Herr Thoma, die deutschen Skispringer können mit dem Saisonstart nicht zufrieden sein. Wieso konnten die Athleten noch nicht vorne mitspringen?
Dieter Thoma: Mich hat es selbst auch sehr gewundert. Ich habe die unmittelbare Vorbereitung gesehen und da sah es deutlich besser aus, im Wettkampf hat es einfach nicht mehr hingehauen. Sie sind schlecht gestartet, hatten zu schlecheren Sprüngen auch mit dem Wind keinen positiveren Wettkampfverlauf.

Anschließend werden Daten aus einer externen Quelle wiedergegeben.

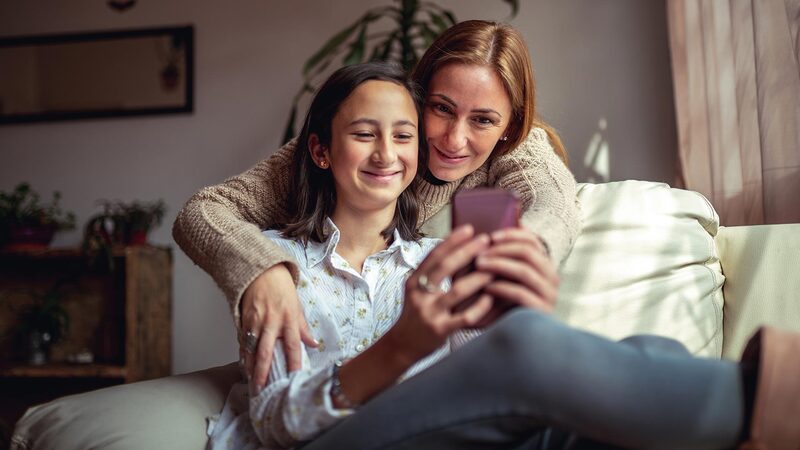 mom and daughter looking at the phone together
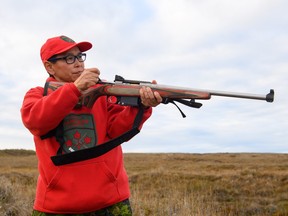 A Canadian Ranger handles the military's new C-19 rifle. Shortly after the rifles were sent to Ranger units, red dye from the stocks started appearing on the hands of the soldiers when the weapons were exposed to wet conditions.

Allerdings muss man das auch von Sportler zu Sportler differenziert sehen. Für Severin Freund beispielsweise war es der beste Weltcupauftakt, den er je hatte! Bei denjenigen, die schlechter als gewohnt starten, fragt man sich natürlich, warum das der Fall ist, und so kann mann schon mal in einen Negativstrudel geraten. Da ist es nicht so einfach ist, wieder herauszukommen. Dass sie springen können, haben sie im Training, in den Qualifikationen und in einigen Wettkampfsprüngen gezeigt. In Engelberg hat es dann am Sonntag auch im Wettkampf geklappt. Trotzdem sieht der Leistungsstand im Moment so aus, dass wir ganz nach vorne keinen Siegspringer haben, aber die Top Ten und einzelne Überraschungen sind auf jeden Fall drin.

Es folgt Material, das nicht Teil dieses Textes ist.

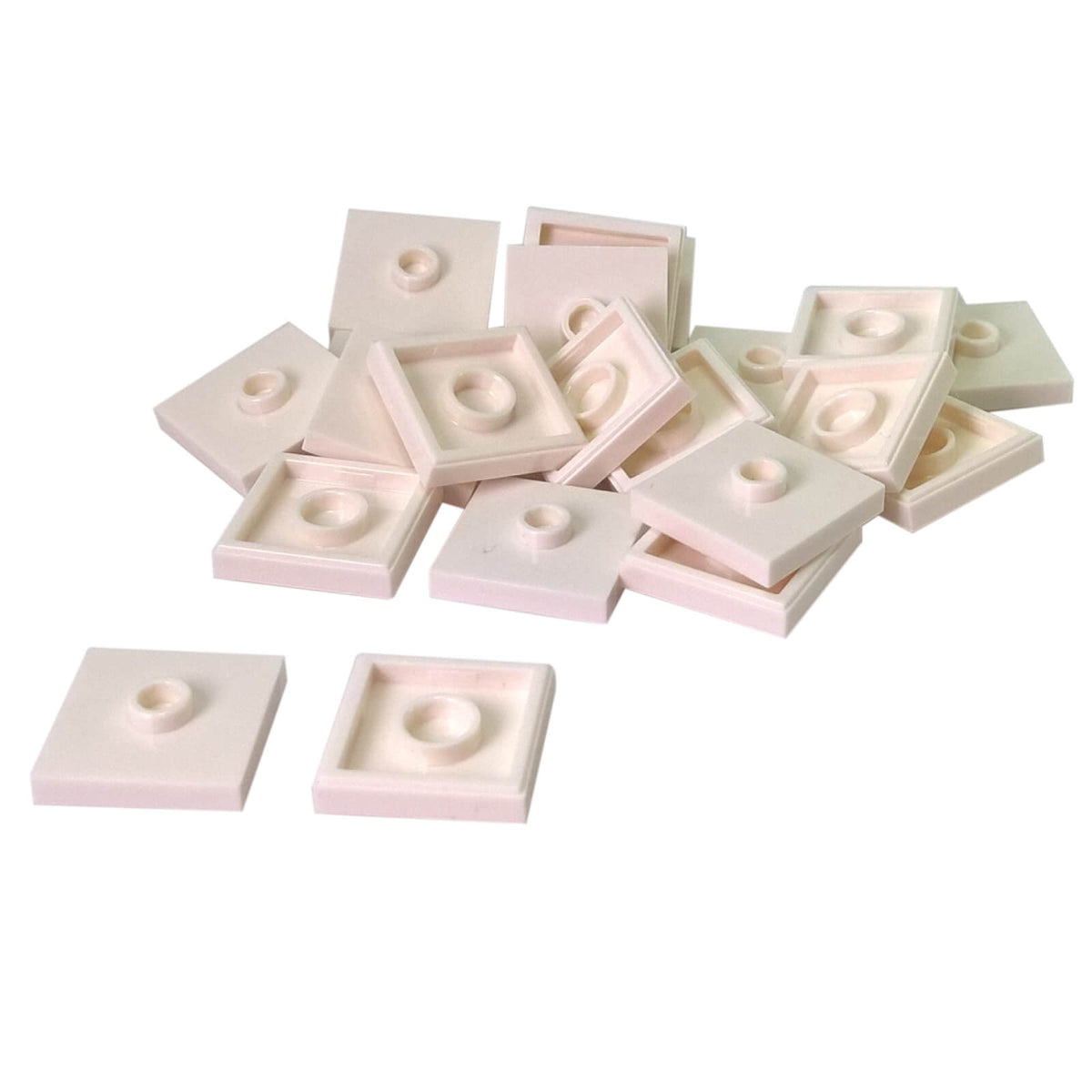 LEGO Plate Modified 2 x 2 with Groove and 1 Stud in Center part 87580 shown from top and underside white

Werner Schuster hat ja speziell Michael Neumayer, Michael Uhrmann und Martin Schmitt herausgegriffen und gesagt, dass sie bei der Tournee bessere Leistungen zeigen müssen. Was kann man gerade von diesen arrivierten Springern bei der Vierschanzentournee erwarten?

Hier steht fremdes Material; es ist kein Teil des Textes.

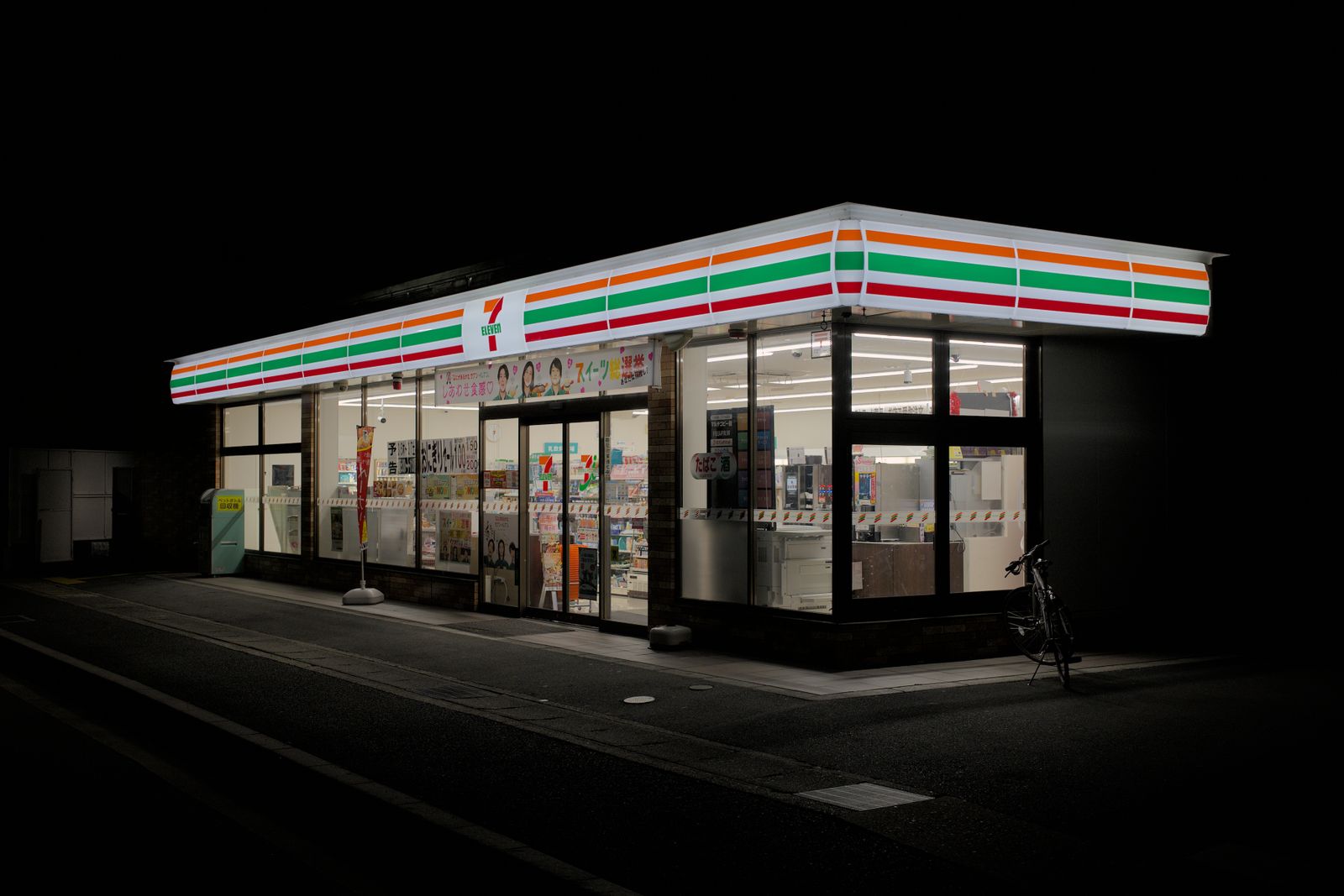 A whole convenience store lit up on an unlit road at night, a photocopier visible through the right-hand window.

Thoma: Es müssen natürlich alle Springer versuchen, ihre bestmögliche Leistung zu zeigen. Nach Garmisch-Partenkirchen wird sich dann entscheiden, welche Sportler nach Innsbruck weiterfahren dürfen. Das geht dann nach Ergebnissen. Neumayer muss versuchen, zu alter Stärke zurückzufinden. Er kann unter die besten 15 springen und ist für uns ein sehr wertvoller Springer. Auch bei Uhrmann kann man nur hoffen, dass er wieder zu sich findet. Von ihm habe ich bisher leider noch keinen richtig guten Sprung gesehen. Das macht mich ein bisschen nachdenklich und tut mir persönlich für ihn sehr Leid, weil er nach der schweren Verletzung wirklich hart gekämpft hat. Für einen Springer, der schon so lange dabei ist, ist es natürlich schwer, sich von jetzt auf nachher im Training umzustellen - vor allem, wenn er vor seiner wahrscheinlich letzten Saison steht. Von Schmitt habe ich im Training schon gute Sprünge gesehen, aber nichts, was er nicht auch in vergangenen Jahren zu leisten vermochte. 2009 war er ja Vizeweltmeister und Vierter bei der Vierschanzentournee – da war er in der Weltklasse zurück, aber jetzt scheint es wieder in die falsche Richtung zu gehen. Ich weiß aber, dass er alles daran setzt und wirklich alles gibt, damit er wieder vorne mitmischen kann.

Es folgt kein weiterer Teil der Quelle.